#### Brief
Transcribe all of the entries below exactly. Leave out the pictures.

#### Given information
^^^^^^^^

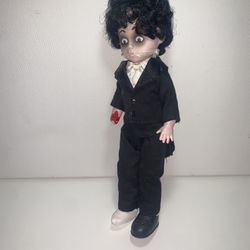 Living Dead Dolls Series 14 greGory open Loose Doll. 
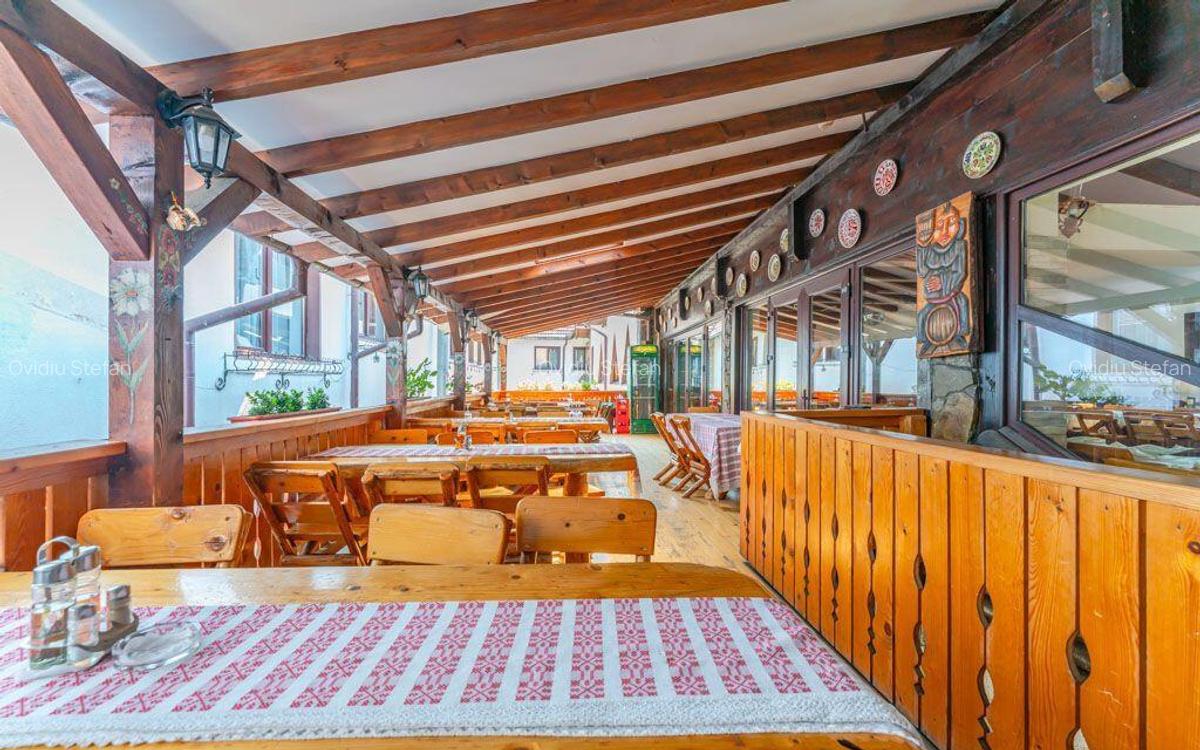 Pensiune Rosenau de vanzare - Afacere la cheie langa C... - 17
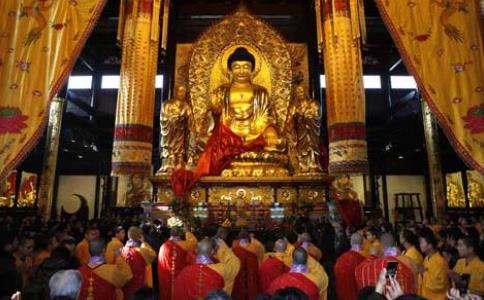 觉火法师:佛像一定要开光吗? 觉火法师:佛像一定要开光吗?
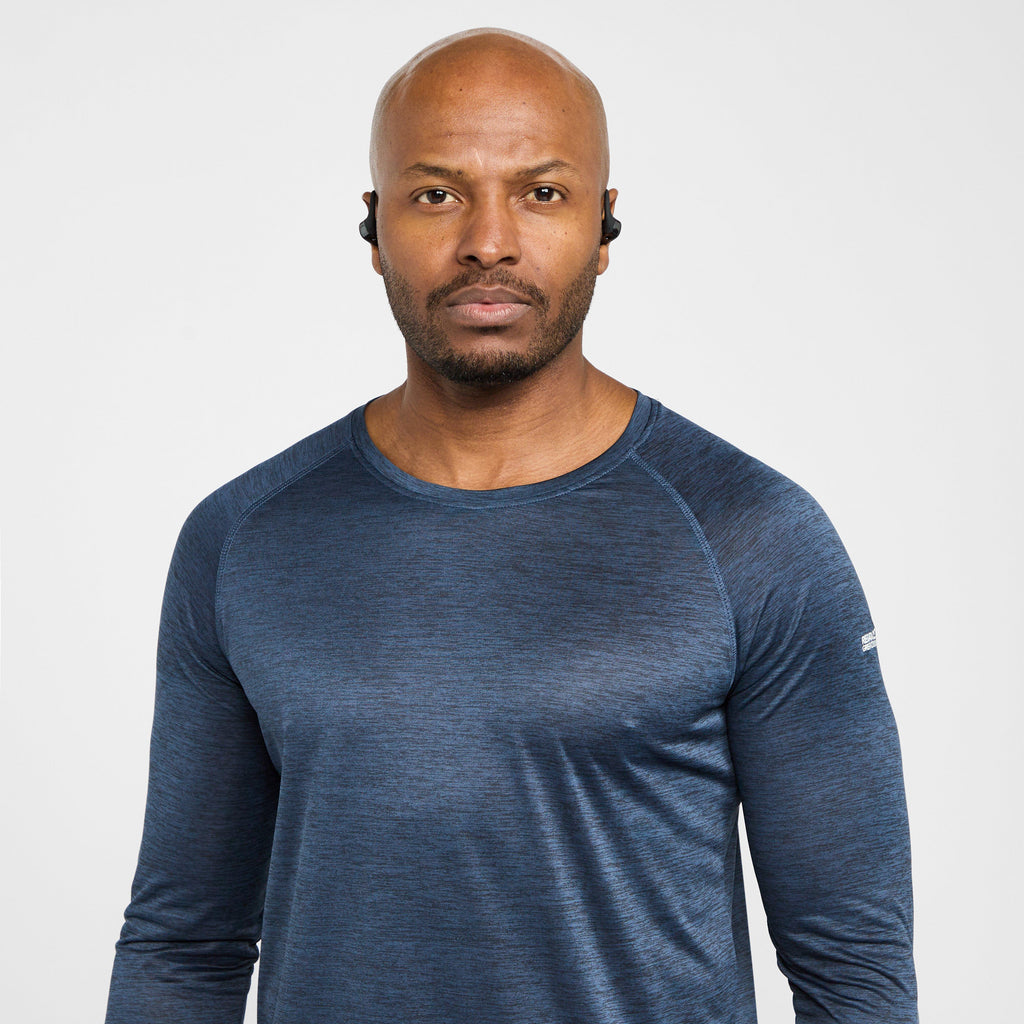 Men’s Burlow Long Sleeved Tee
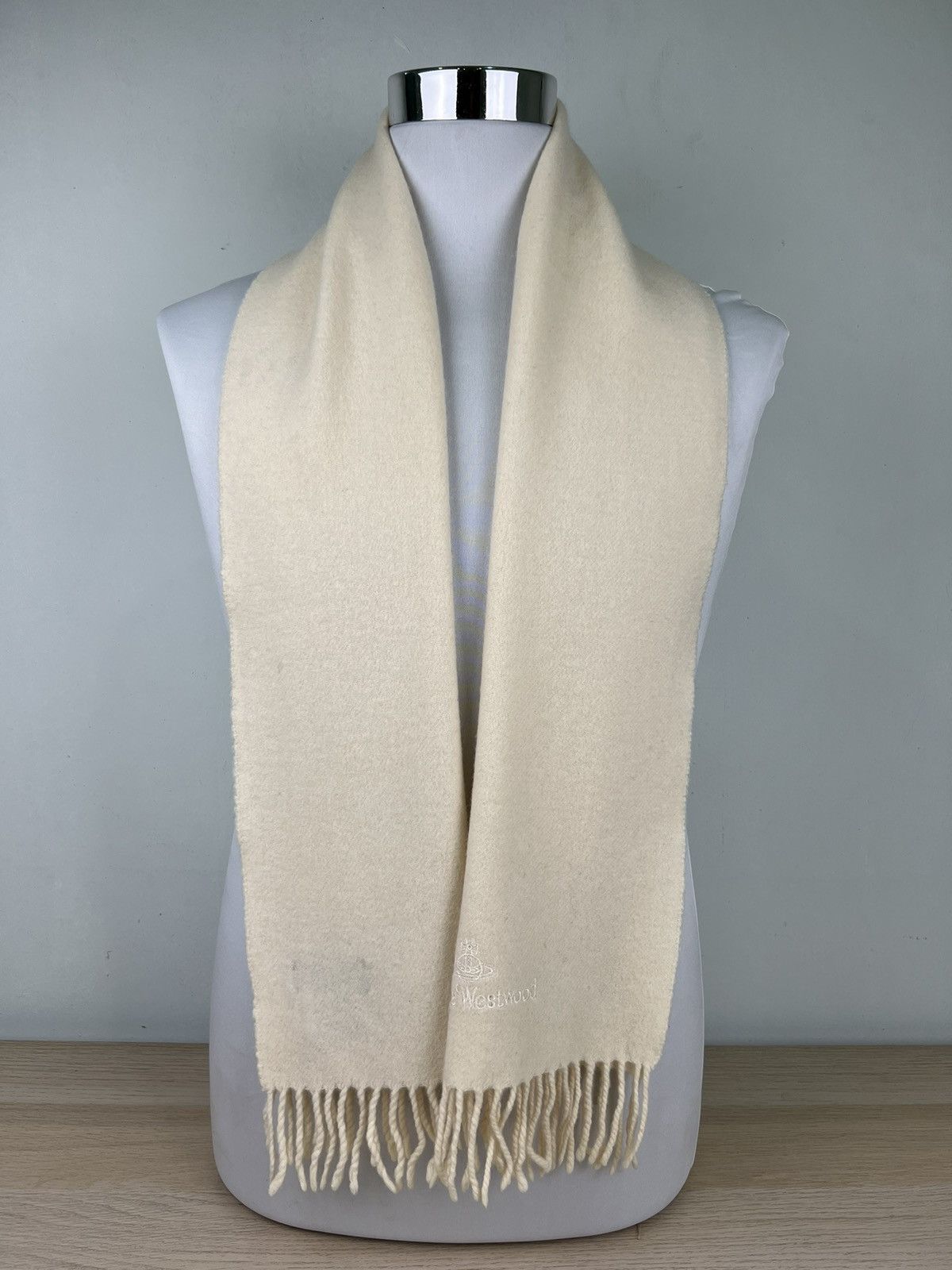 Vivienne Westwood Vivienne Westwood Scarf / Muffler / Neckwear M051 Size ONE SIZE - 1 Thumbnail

^^^^^^^^

#### Answer for the task
 Living Dead Dolls Series 14 greGory open Loose Doll. 
 Pensiune Rosenau de vanzare - Afacere la cheie langa C... - 17
 觉火法师:佛像一定要开光吗? 觉火法师:佛像一定要开光吗?
 Men’s Burlow Long Sleeved Tee
 Vivienne Westwood Vivienne Westwood Scarf / Muffler / Neckwear M051 Size ONE SIZE - 1 Thumbnail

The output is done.